Zwar können ältere Bestandswohnungen jetzt billiger gemietet werden, aber leider haben Wohnungssuchende kaum eine Chance, eine solche zu finden. Laut dem Suchportal „Immobilienscout24“ hat sich das Angebot an Mietwohnungen in Berlin innerhalb eines Jahres um 41,5 Prozent verringert. Bei den Baujahrgängen bis 2013 betrug der Rückgang sogar 60 Prozent – und das hat nichts mit Corona zu tun. 

Ganz wie im VWL-Lehrbuch vergrößert die Einführung oder Senkung von Höchstmieten die Angebotslücke. Die Zuteilungs- und die Marktausgleichsfunktion der Mietpreise werden also ausgehebelt. Konsequenz: Vermieter wandeln Wohnungen in Wohnungseigentum um – das Angebot an Eigentumswohnungen mit Fertigstellung vor 2014 stieg innerhalb eines Jahres um 23 Prozent – oder sie lassen die Wohnungen gleich leer stehen. 
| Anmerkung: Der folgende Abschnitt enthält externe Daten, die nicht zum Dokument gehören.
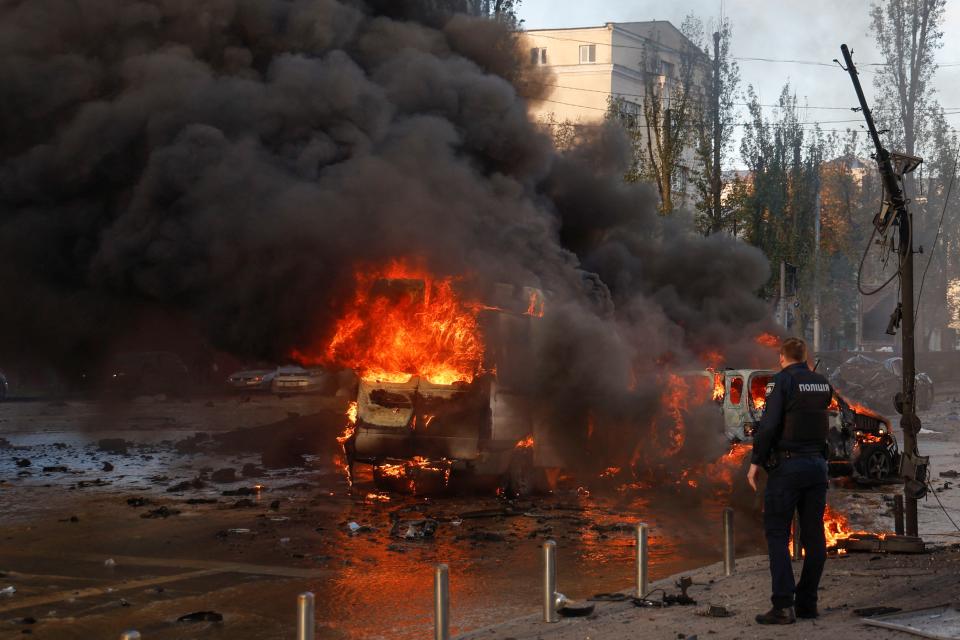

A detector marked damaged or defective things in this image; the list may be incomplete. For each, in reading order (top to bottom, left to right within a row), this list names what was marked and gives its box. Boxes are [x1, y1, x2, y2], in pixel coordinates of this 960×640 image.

Der Berliner Mietendeckel ist zudem extrem modernisierungsfeindlich, denn er begrenzt die Umlage von Modernisierungskosten auf einen Euro pro Quadratmeter. Abgesehen davon sind nur energiesparende und barrierereduzierende Maßnahmen umlagefähig, aber nicht zum Beispiel das Anlegen eines Spielplatzes. Diese Kappung auf einen Euro steht in völligem Widerspruch zu den Klimarettungsplänen der Bundesregierung, aber das scheint selbst die Grünen nicht zu stören. Fast 80 Prozent der Berliner Vermieter planen nun, die Ausgaben für Modernisierungen und Sanierungen zu kürzen. Ein weiteres Opfer ist damit das regionale Bauhandwerk. 

Besonders hart betroffen sind auch die Berliner Wohnungsgenossenschaften, die fast jede zehnte Wohnung besitzen, weil deren Wohnungen vor einer Wiedervermietung meistens kernsaniert werden müssen.
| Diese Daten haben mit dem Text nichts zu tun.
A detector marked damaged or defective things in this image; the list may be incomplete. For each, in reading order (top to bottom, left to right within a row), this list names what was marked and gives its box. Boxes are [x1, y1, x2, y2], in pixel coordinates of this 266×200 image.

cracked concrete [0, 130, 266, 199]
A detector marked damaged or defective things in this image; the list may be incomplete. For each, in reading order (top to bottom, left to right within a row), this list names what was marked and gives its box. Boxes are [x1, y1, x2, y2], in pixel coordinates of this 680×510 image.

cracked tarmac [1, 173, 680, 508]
Grundsätzlich kann man mit den Instrumenten der Mietpreispolitik wohnungspolitische Ziele wie erschwinglicheren Wohnraum oder eine bessere soziale Mischung zwar verfolgen. Aber schwere Zielkonflikte mit ökologischen Ansinnen wie auch mit anderen wohnungspolitischen Zielen wie der Verfügbarkeit von Wohnraum, der effizienten Nutzung sowie der Instandhaltung und Modernisierung des Wohnungsbestandes oder auch der Wirtschaftlichkeit des Hausbesitzes sind dabei unvermeidlich.
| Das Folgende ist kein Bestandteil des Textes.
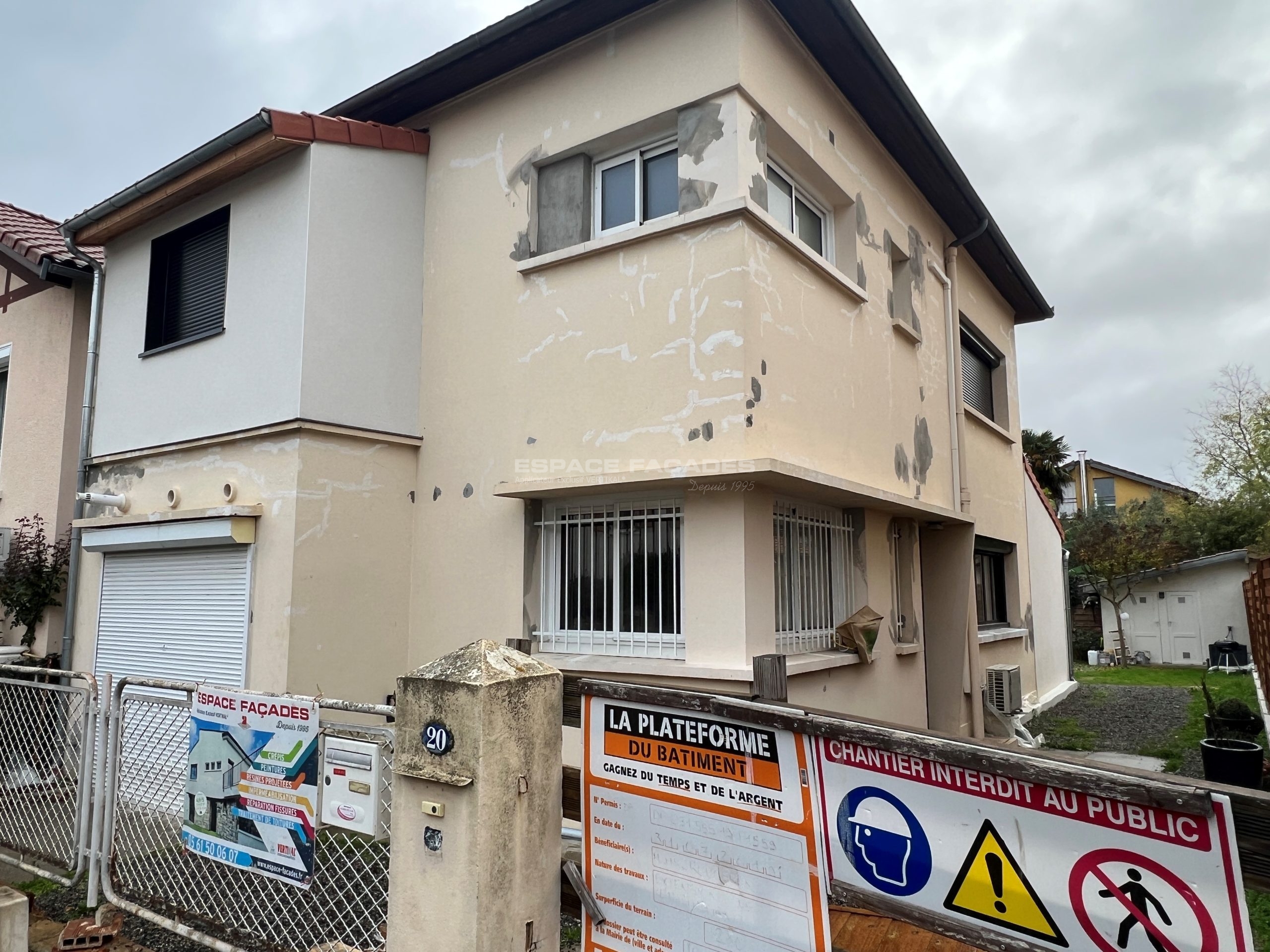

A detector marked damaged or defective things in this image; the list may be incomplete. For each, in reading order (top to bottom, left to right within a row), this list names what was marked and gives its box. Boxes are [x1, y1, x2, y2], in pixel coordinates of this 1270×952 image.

cracked facade [60, 0, 1072, 746]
Diese Zielkonflikte werden um so stärker, je länger, je tiefer und undifferenzierter die Mieten gedeckelt sind. Der Mietendeckel ist zwar befristet, aber der langwierige Abbau der Wohnungszwangswirtschaft in den 1960er Jahren hat gezeigt, daß man Mietpreiskontrollen politisch nur sehr schwer wiederloswird. Auf lange Sicht führt die Deckelei zu Wohnverhältnissen wie 1990 in der DDR. Sie hat keine Perspektive und zerstört die ordnungspolitische Kultur. Mietobergrenzen sind immer nur Symptombekämpfung, aber nie Ursachenbekämpfung. 

Es drohen sogar Interventionsspiralen, wie die Diskussion um Umwandlungsverbote und Enteignungen zeigt. Wenn man die Außenwanderung nicht begrenzen will oder kann, bleibt nur die Möglichkeit, den Wohnungsbau anzukurbeln. Das betrifft neben der dringend gebotenen Begrenzung der steuer- und regulierungsbedingten Baukostensteigerungen auch die Boden- und Baulandfrage. Berlin hat durchaus Flächenreserven wie das Tempelhofer Feld und riesige Kleingartenanlagen. 

Wenn man das nicht will, bleibt nur verdichten und entflechten, also Hochhäuser bauen oder Bundesbehörden und Betriebe außerhalb Berlins verpflanzen. So oder so: Es bleibt ein langer Weg, bis in Berlin eine spürbare Marktentspannung einsetzen wird. Der Mietendeckel verbreitet letztlich nur die eher schädliche als nützliche Illusion, das Problem bekämpft zu haben.






Prof. Dr. Stefan Kofner lehrt an der Hochschule Zittau/Görlitz als Wirtschaftswissenschaftler im Bereich Wohnungs- und Immobilienwirtschaft.